L'uomo arrossì impercettibilmente.
- Ehm, ecco... diciamo che vedendoti così indifesa e mingherlina, non avrei mai detto che tu...- tossì, imbarazzato -che fossi così focosa, in altri frangenti.-
- COSA?-
Shimizu si rialzò di botto, solo per sbattere ancora una volta contro il legno sopra la sua testa.
Lacrime involontarie cominciarono a scenderle lungo le guance per il gran colpo, mentre la vergogna cominciava ad impadronirsi di lei.
-Accidenti, stai attenta! Cerca di evitare di farti male!-
Kotetsu la strinse a sé.
La ragazza respirò profondamente: ora riusciva a pensare con maggior lucidità.
-Poi... cos'è successo?-
- Ad un certo punto non ti sei più mossa. Ho pensato ti sentissi male, ma poi mi sono accorto che ti eri solamente addormentata. Così ti ho portata qui.-
Tiger la fissò con un sorriso sornione stampato sulle labbra, mentre lei gli accarezzava quello strano pizzetto che le piaceva tanto.
- Aspettami qui, vado a preparare qualcosa per colazione.-
Kotetsu si stiracchiò, alzandosi.
A Shimizu per poco non prese un colpo: se ne andava in giro in tutta tranquillità, con addosso solo un paio di boxer tigrati, ovviamente verde fluo.
La ragazza tuffò la testa sotto il cuscino, dando il via a dieci minuti buoni di filmini mentali da vietato ai minori.
Poi, un tocco leggero sulla spalla.
- NON TOCCARMI! LUI E' MIOOOO!-
Gli sguardi dei due, si intrecciarono pieni di imbarazzo, in silenzio.
- Shimizu... che ci facevi lì sotto?-
Lei balbettò qualcosa di incoerente, facendo solo allargare di più il rossore sulle sue guance.
- Ehm, io... è strano a dirsi, vero? Eheh già, io... io cercavo il mio... il mio... ehm... anello! Il mio anello, sì. Devo averlo perso durante la notte!- e così prese a frugare tra le lenzuola.
-Strano, sono un buon osservatore, e ieri ti ho guardata bene. Non portavi anelli di alcun genere.
"Va bene, sono morta" pensò la ragazza, desiderando di essere inghiottita dalla terra.
- O forse cercavi questo?-
Shimizu si girò. Di fronte a lei, sul palmo di Kotetsu, una piccola e semplice fedina d'oro bianco, ornata di un minuscolo ma brillantissimo smeraldo.

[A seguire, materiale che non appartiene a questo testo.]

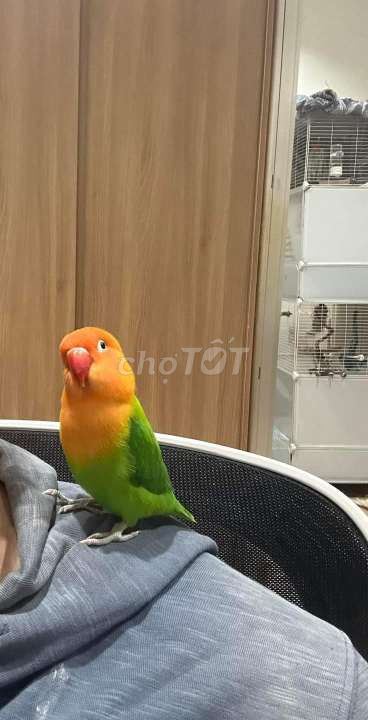 Cần tìm vẹt Lovebird trống trưởng thành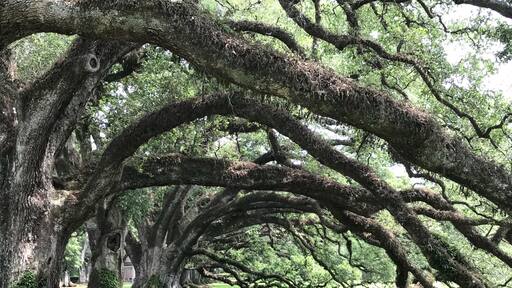 Don’t give up. Today’s mighty oak is just yesterday’s but that held its ground #adventure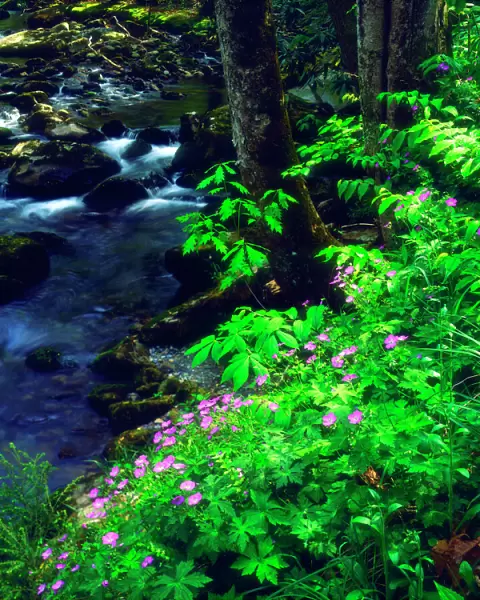 USA, Tennessee, Wildflowers along a stream in The Great Smoky Mountains
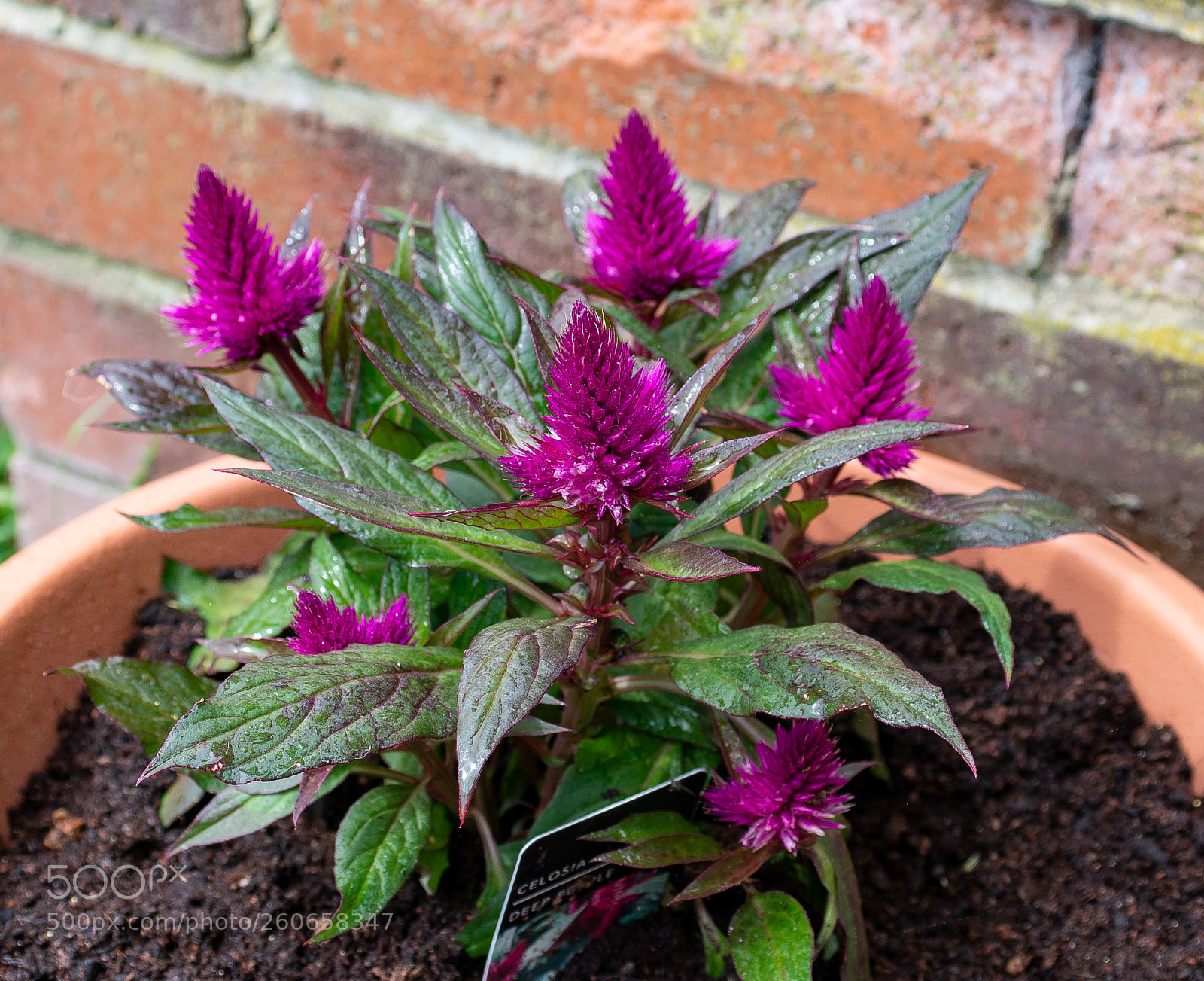 Nikon D500 sample photo. Celosia photography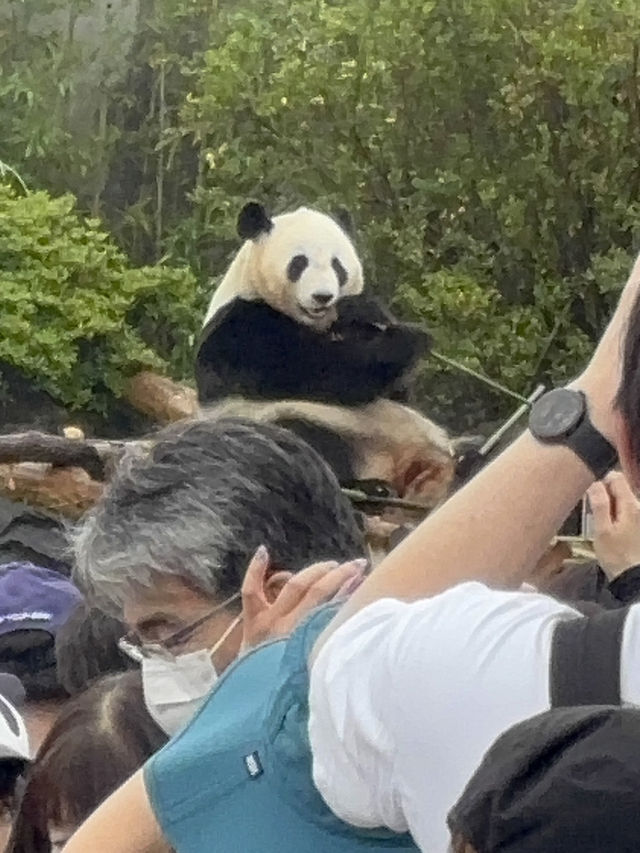 白浜のパンダ、30年間ありがとう❤️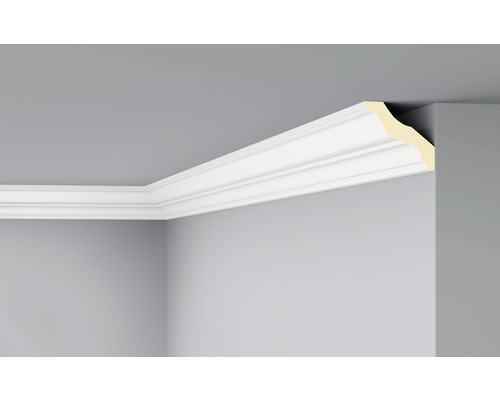 Profipack Deckenleiste F15, 5 x 2 m, 100 x 90 mm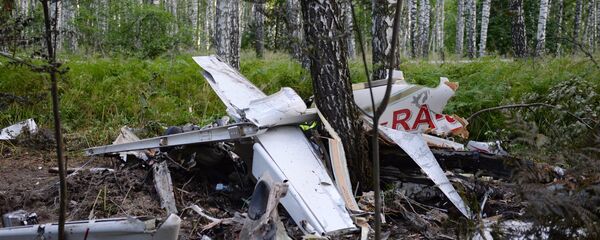 تحطم طائرة خفيفة  - سبوتنيك عربي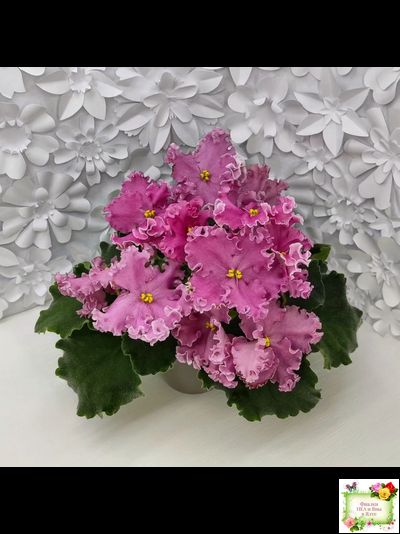 НД-Ливадия (Н. Данилова-Суворова) 2020 г.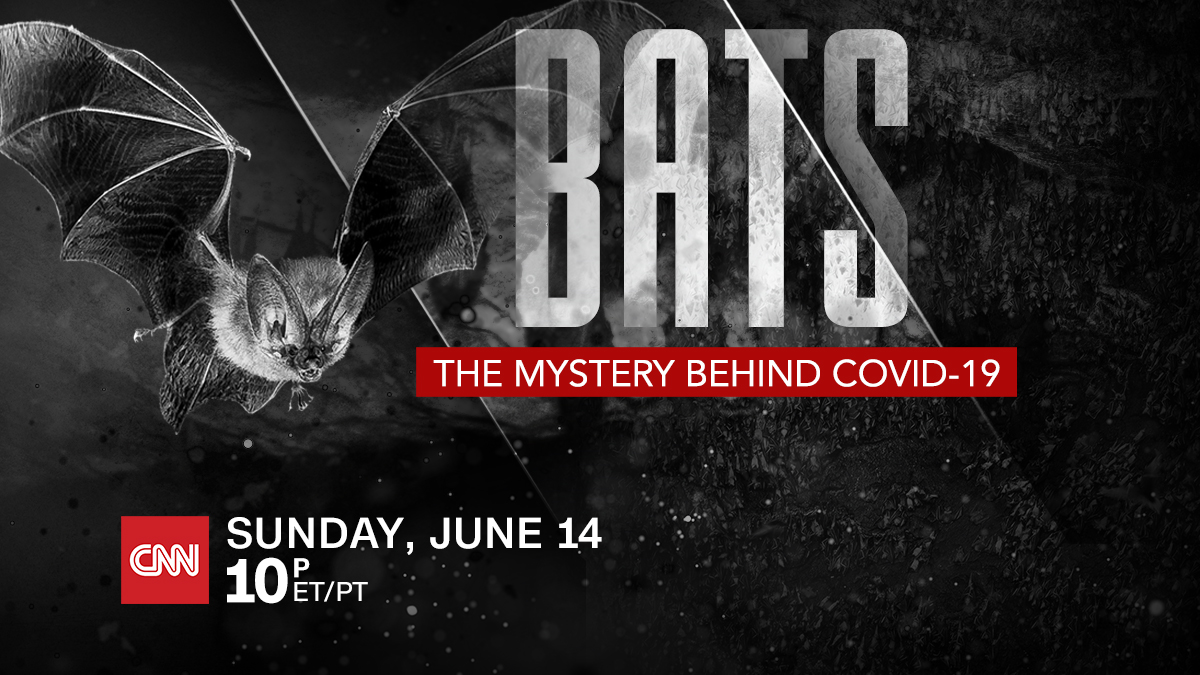 Cara appears on CNN special with Anderson Cooper, 'Bats, The Mystery Behind COVID-19'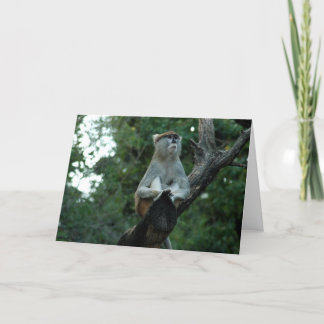 恋しく思君 カード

Confusa, lo guardò -Cosa? Io... non capisco...-
Tiger si inginocchiò ai suoi piedi.
-Signorina Shimizu Ryouko... mi farebbe la delicatezza di... diventare ufficialmente la mia amata?-
La fanciulla, combattendo contro le lacrime, non disse nulla. Gli lanciò le braccia al collo e lo baciò con passione. Alzando lo sguardo, Kotetsu le prese la mano tremante e le infilò l'anello al dito.
Il metallo freddo scivolò sulla pelle chiara, leggero e delicato come un petalo di ciliegio scivola sulla superficie dell'acqua.
Sì. Il suo sogno ora era reale.
Si sarebbero appartenuti.  Avrebbero lottato l'uno per l'altra.
Sarebbero stati come i fiocchi di neve: da soli si sarebbero sciolti al primo impatto col terreno, ma insieme sarebbero potuti diventare tempesta.
Shimizu si sentì di colpo sollevata pensando a ciò. Si strinse a Kotetsu.
No,niente e nessuno li avrebbe mai divisi. Nessuno sarebbe mai riuscito a fermare la tempesta.